1997年、資生堂は再販価格維持を撤廃した。価格決定を自社で抱え続ける選択をやめ、小売側に価格設定を委ねる判断であった。値引きを認めない販売を終えることで利益率の低下は避けられないと見込まれたが、法的リスクの解消と市場競争への直接対応を優先した。これは、戦前から約70年にわたり維持されてきた価格統制の放棄を意味した。
値引き販売の常態化と低価格帯ブランドの台頭による競争激化
再販撤廃後、資生堂は価格競争の影響を直接受けることになった。小売段階で値引き販売が広がり、従来水準の利益率は維持できなくなった。販売数量や在庫回転が数値として表れるようになり、価格と販売結果の関係が可視化される環境へ移行した。一方で、価格を競争手段として活用するための体制整備は追いついていなかった。
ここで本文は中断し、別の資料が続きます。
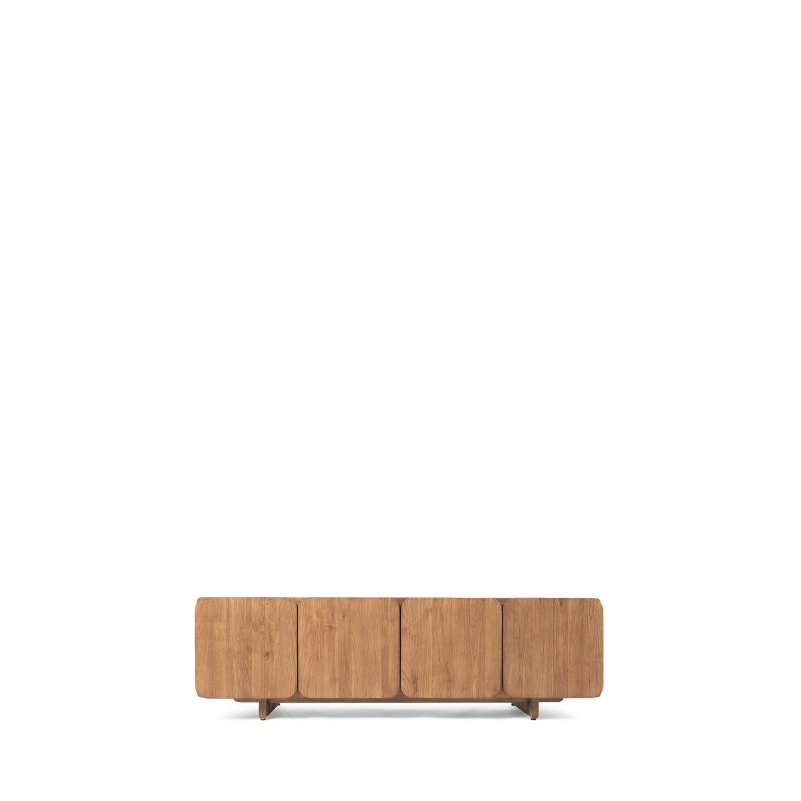 200 x 40 x 65 cm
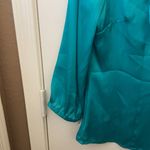 Covington FINAL MARKDOWN Ladies  blouse medium Photo 1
その過程で、低価格帯の化粧品ブランドが市場で存在感を高めた。ドラッグストアを主戦場とする新興ブランドが価格訴求を軸に購入頻度の高い層を取り込み、資生堂が従来手薄だった価格帯で競争が激化した。再販撤廃は市場競争への参加を可能にした一方、価格帯の空白を露呈させる結果にもつながり、以後のブランドポートフォリオ再編を迫られる契機となった。